Every line below is to be set down again exactly; any image stays out.

##### Supplied material

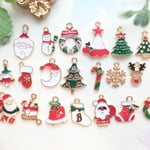 ＜新入荷！＞20個入り　クリスマスチャーム　B209-0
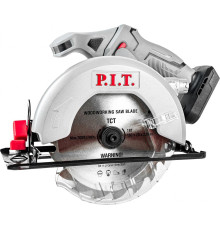 Дисковая циркулярная пила P.I.T. PKS20H-165A без АКБ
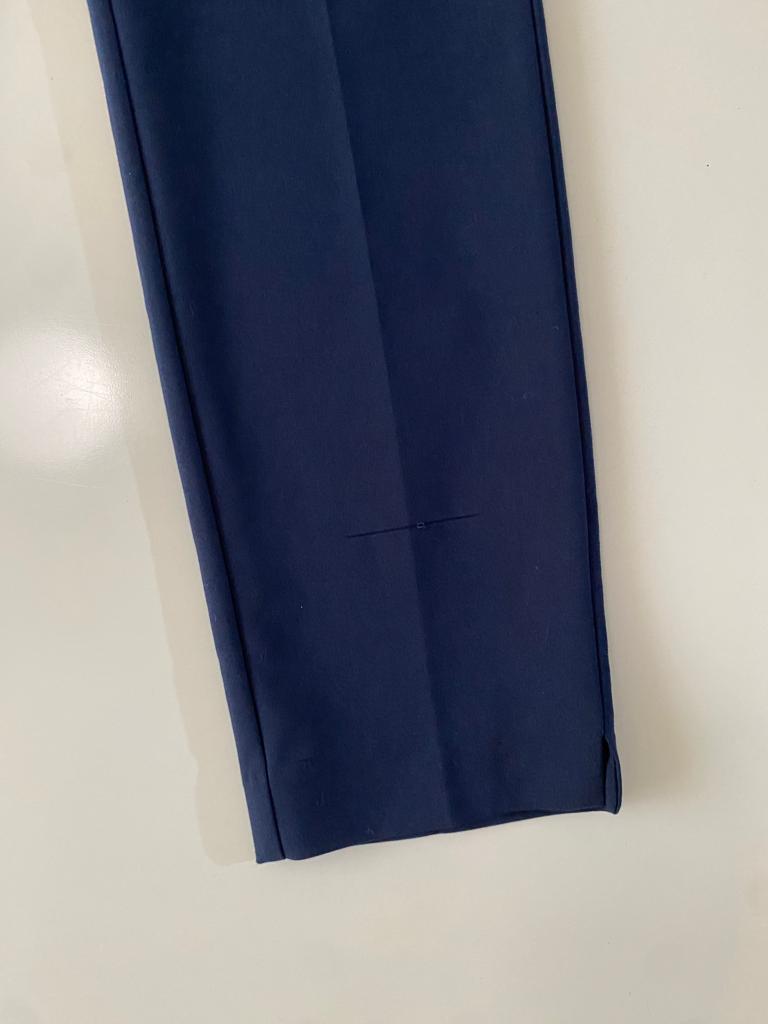 Pantalones de vestir azul marino, Talla 30mx, 40Eur, Mujer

##########

## Completed task:
 ＜新入荷！＞20個入り　クリスマスチャーム　B209-0
 Дисковая циркулярная пила P.I.T. PKS20H-165A без АКБ
 Pantalones de vestir azul marino, Talla 30mx, 40Eur, Mujer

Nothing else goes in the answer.